Set over the course of a single night (prom night!), Blockers details the bungled execution of a “sex pact” between three teen friends who all plan to lose their virginity in tandem. Because they’re young women and not the typical Apatow-modeled dudes who usually helm these pictures, this plan was met with extreme resistance from their snooping parents. Leslie Mann is finally given to something to do for once as a stressed-out Alpha Mom who wants to protect her daughter form repeating her worst mistakes. John Cena, appearing in Pure Dad cargo shorts, is the typical overprotective father who’s terrified of his teen daughter’s sexuality despite his better judgment. Ike Barinholtz is the most nuanced of the three. He generally disagrees with the other parents’ sex-negative paranoia, but also wants to protect his own daughter, who he knows to be a closeted lesbian, from committing herself to a traumatizing heterosexual experience just to feel like she belongs. The heightened delusions & deranged coddling impulses that torment these parents are the butt of the film’s ultimate joke; their fear of young female sexuality is an eternally embarrassing punchline.

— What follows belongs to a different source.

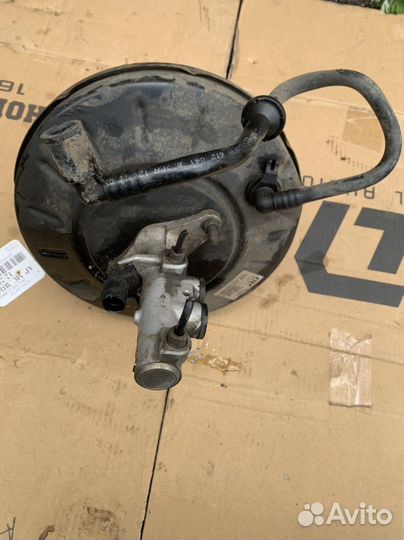 Усилитель тормозов вакуумный Volkswagen Polo седан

Meanwhile, the three damsels they attempt to rescue (Kathryn Newton, Gideon Adlon, and MVP Geraldine Viswanathan, who steals every scene she’s afforded) are doing just fine navigating all the awkward, grotesque, humiliating, and absurdly silly pitfalls that accompany pangs of teenage horniness, as countless dudes in losing-your-virginity comedies have in the past. The blatant double standard in question is extensively & explicitly challenged in the film’s dialogue, but Blockers is rarely outright didactic in its sex-positive politics. Moralizing about the policing of femme teen sexuality is instead allowed to be a background flavor that enhances, but does not overpower the usual gross-out gags that steer the genre: butt-stuff, drug-trips, puke, unwelcome nudity – all the standard hallmarks of a post-John Waters mainstream comedy.

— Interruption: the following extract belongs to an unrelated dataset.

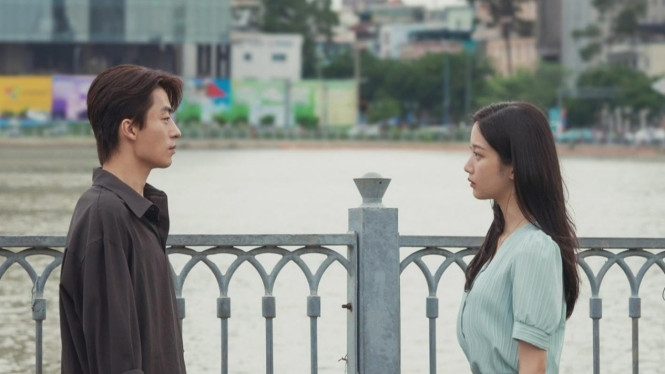 Koo Kyo-Hwan dan Mun Ka Young dalam ‘Once We Were Us’ (2025)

Like with most teen movies, the three girls’ personalities are visually established early on by their bedroom décor. The main girl’s bedroom is not as distinctly coded as her two besties’, but it does prominently feature a clue as to where the movie’s heart lies: a Sixteen Candles poster. Both Love, Simon and Blockers are chasing the John Hughes model of capturing the modern teen zeitgeist in a single picture and it’s lovely to see that they both feel the need to include prominent queer narratives in that mission (even if they happen to follow a coming-out misery pattern we’ve seen exhaustively repeated onscreen before). Blockers separates itself from Love, Simon in the open acknowledgment that sex & romance are both hilarious & disgusting, which is always going to be the more attractive route for me as an audience. I don’t think its own mold-breaking challenge to the gendered politics of the typical high school sex comedy are exactly revolutionary. if nothing else, The To Do List already delivered an excellent femme subversion of the trope to a tepid critical response in 2013 and 2014’s Wetlands has set the bar impossibly high for what a gross-out femme sex comedy can achieve. Blockers is a damn fun addition to that tide-change, though, one that’s surprisingly emotionally effective in its own continuation of a John Hughes tradition. Just like how critics are calling for a wave of normalized queer narratives in the Love, Simon vein, I’d love to live in a world where we’re afforded at least one of these gross-out femme sex comedies a year. Continuing to keep prominent queer characters as part of that tradition would also be ideal (which is admittedly something you don’t get in my pet favorites The Bronze or The To Do List), which is partly why Blockers is a shockingly well-considered precedent for how the teen sex comedy genre can remain both modernly relevant and true to its gross-out roots.